EXERCISE DATA |
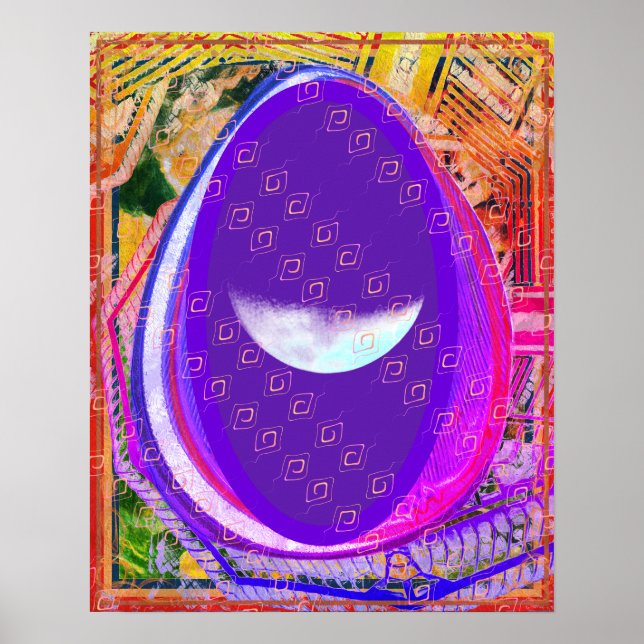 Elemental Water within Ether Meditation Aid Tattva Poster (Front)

* * *

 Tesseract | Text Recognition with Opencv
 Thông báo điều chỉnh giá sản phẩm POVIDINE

ACTIVITY | In the entries above, find the line with "Tesseract | Text Recognition with Opencv" and the line with "Thông báo điều chỉnh giá sản phẩm POVIDINE", then set down exactly those two and every line between them, nothing else.

YOUR RESPONSE |
 Tesseract | Text Recognition with Opencv
 Thông báo điều chỉnh giá sản phẩm POVIDINE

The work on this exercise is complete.